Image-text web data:
[Start of Attachment]
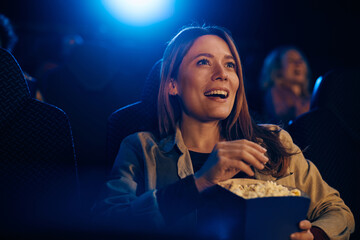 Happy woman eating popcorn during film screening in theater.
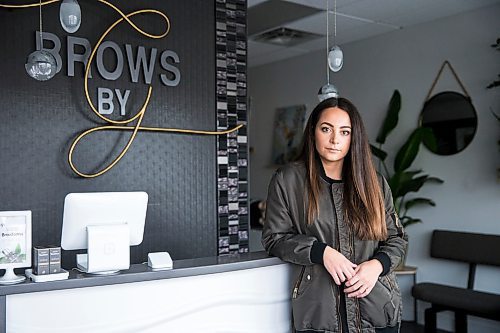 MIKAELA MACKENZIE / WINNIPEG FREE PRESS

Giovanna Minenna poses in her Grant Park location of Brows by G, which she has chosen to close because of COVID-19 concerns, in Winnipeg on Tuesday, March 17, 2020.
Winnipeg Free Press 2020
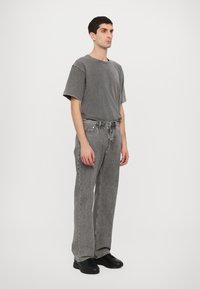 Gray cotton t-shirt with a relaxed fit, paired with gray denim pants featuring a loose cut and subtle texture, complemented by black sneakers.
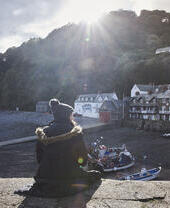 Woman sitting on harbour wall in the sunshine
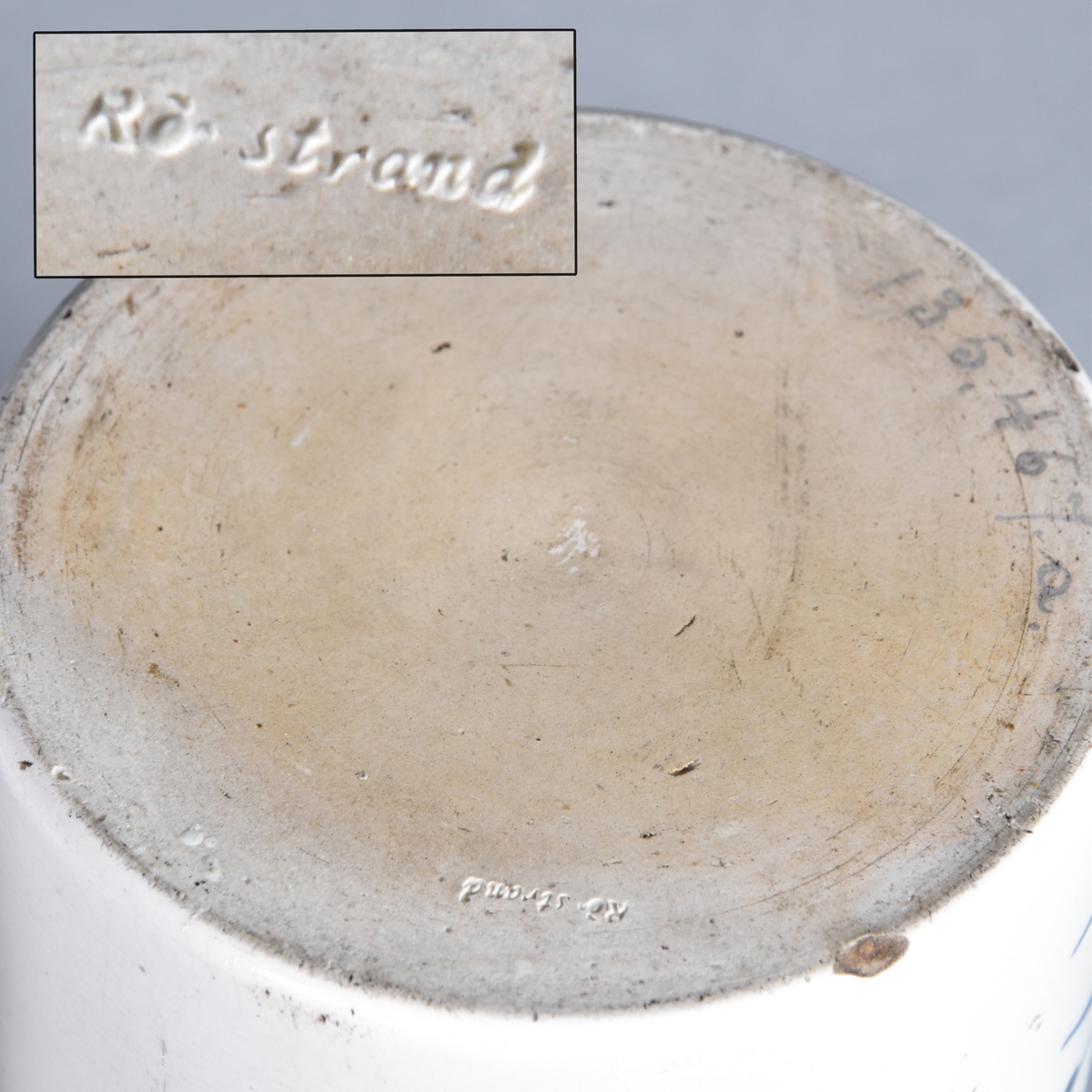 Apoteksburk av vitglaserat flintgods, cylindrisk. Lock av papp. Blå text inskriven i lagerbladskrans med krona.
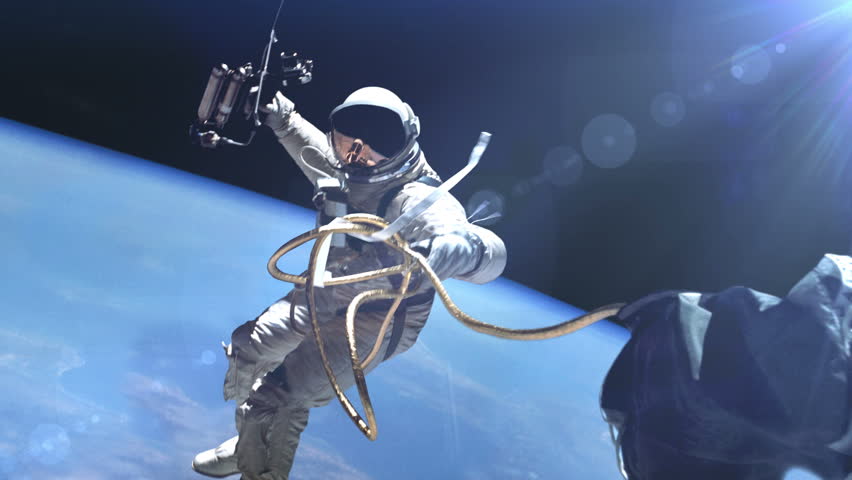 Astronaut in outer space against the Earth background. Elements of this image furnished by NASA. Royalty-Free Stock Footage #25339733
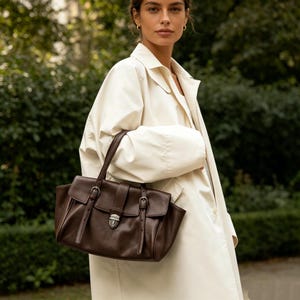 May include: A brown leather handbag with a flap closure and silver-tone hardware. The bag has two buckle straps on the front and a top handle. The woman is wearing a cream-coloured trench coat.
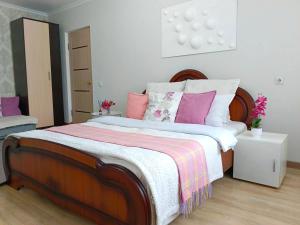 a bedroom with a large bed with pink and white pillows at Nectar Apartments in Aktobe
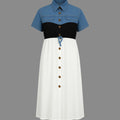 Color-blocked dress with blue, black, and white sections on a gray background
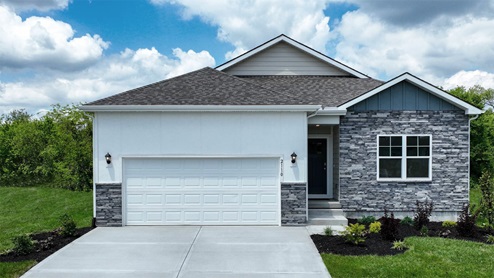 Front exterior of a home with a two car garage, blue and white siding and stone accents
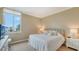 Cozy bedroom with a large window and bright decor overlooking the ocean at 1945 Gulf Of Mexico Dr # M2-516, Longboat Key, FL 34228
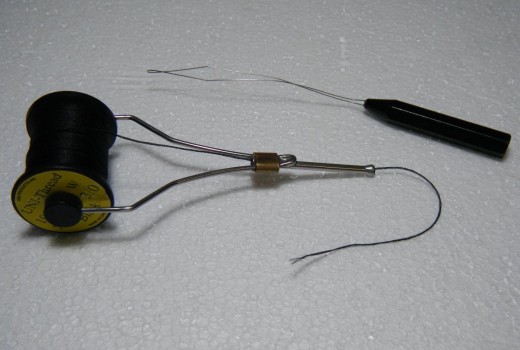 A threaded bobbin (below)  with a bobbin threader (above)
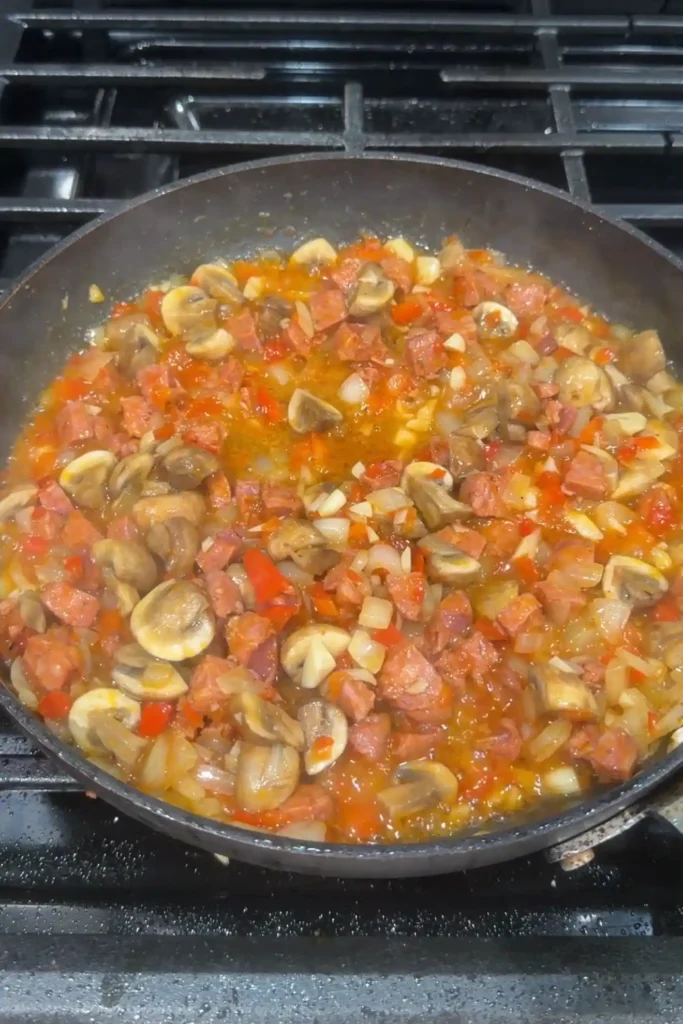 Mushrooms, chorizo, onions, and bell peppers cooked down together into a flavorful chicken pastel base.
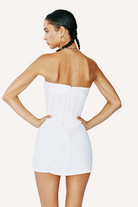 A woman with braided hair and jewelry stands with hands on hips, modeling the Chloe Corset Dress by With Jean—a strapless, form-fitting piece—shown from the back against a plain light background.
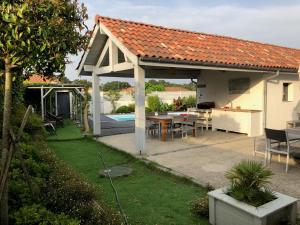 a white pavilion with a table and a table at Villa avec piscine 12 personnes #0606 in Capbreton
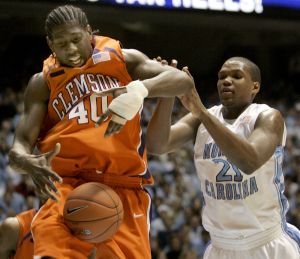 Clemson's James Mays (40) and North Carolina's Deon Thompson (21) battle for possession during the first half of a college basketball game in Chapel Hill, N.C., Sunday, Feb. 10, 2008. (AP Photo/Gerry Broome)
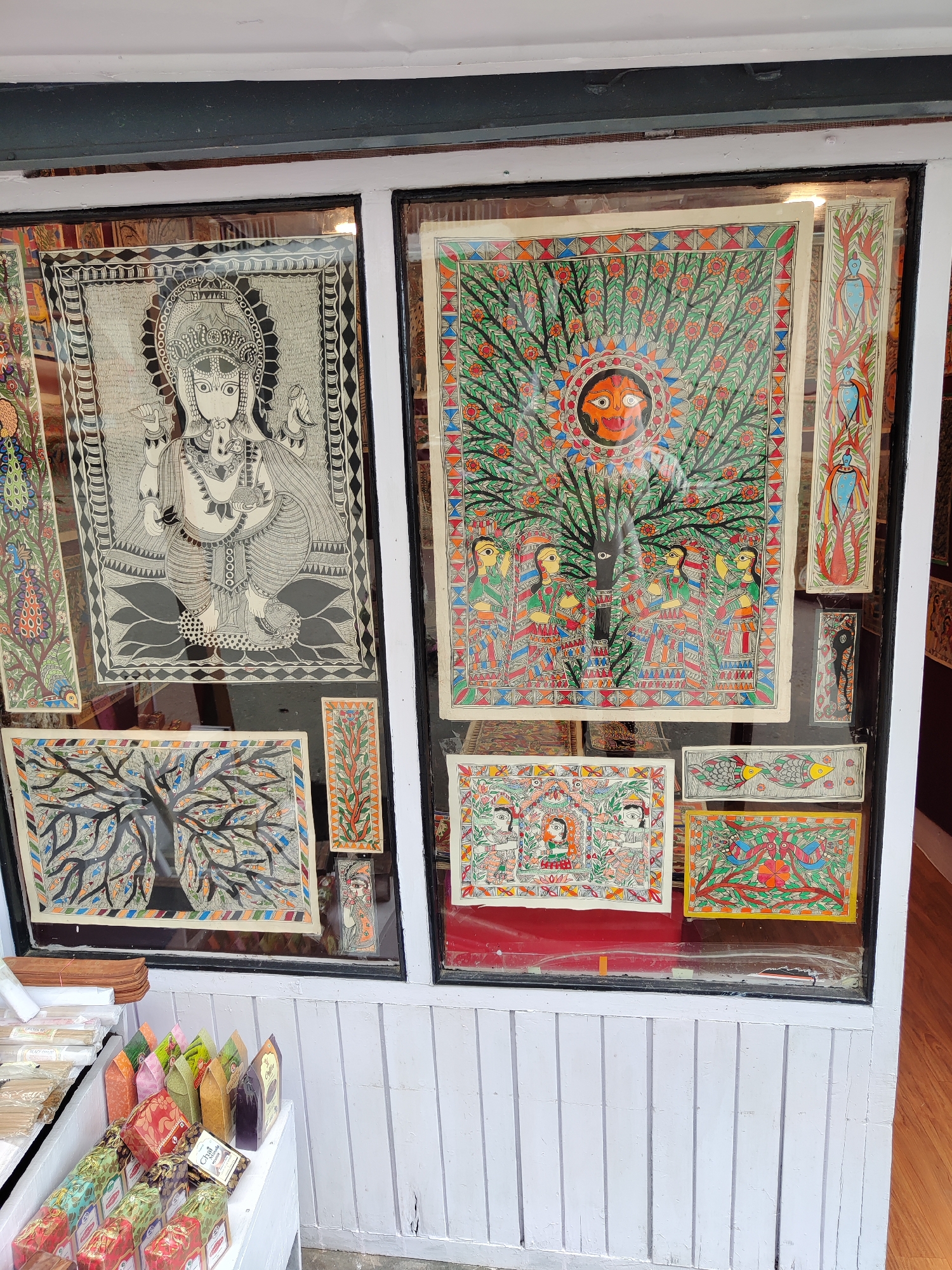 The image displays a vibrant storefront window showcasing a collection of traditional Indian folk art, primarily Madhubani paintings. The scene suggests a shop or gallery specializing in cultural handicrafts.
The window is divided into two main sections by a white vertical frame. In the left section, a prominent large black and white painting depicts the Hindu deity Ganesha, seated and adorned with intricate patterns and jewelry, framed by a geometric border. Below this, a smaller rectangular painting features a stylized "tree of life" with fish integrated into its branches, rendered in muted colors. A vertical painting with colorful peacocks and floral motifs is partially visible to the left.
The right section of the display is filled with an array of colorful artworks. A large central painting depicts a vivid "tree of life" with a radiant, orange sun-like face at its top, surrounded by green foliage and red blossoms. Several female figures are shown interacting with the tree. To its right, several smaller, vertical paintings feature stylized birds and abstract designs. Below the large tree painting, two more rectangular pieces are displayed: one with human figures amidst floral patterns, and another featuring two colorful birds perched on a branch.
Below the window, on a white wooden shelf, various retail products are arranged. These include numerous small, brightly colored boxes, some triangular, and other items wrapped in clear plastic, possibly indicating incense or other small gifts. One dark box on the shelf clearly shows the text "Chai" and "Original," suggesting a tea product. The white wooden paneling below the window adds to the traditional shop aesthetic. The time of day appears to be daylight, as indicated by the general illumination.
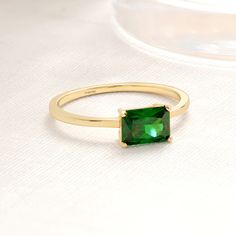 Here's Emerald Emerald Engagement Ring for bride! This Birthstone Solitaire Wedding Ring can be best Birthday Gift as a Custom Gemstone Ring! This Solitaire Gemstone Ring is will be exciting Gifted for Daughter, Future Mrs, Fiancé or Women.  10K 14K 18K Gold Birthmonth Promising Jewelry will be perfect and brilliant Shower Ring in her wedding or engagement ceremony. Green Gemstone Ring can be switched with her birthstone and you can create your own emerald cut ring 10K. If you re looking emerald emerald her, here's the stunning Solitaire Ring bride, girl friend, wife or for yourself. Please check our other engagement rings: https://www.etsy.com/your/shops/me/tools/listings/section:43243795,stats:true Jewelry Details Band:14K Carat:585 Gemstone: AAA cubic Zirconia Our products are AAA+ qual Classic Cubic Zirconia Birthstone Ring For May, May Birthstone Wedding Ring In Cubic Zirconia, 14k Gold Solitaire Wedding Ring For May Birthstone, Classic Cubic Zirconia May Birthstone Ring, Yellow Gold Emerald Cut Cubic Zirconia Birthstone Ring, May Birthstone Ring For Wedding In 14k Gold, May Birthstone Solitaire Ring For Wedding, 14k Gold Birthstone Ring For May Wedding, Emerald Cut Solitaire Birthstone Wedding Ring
[End of Attachment]
# Your instructions
Above, find the line with "Cozy bedroom with"; copy it and every line down to the line with "a white pavilion", exactly and both included, but no pictures.

# Output of the task
 Cozy bedroom with a large window and bright decor overlooking the ocean at 1945 Gulf Of Mexico Dr # M2-516, Longboat Key, FL 34228
 A threaded bobbin (below)  with a bobbin threader (above)
 Mushrooms, chorizo, onions, and bell peppers cooked down together into a flavorful chicken pastel base.
 A woman with braided hair and jewelry stands with hands on hips, modeling the Chloe Corset Dress by With Jean—a strapless, form-fitting piece—shown from the back against a plain light background.
 a white pavilion with a table and a table at Villa avec piscine 12 personnes #0606 in Capbreton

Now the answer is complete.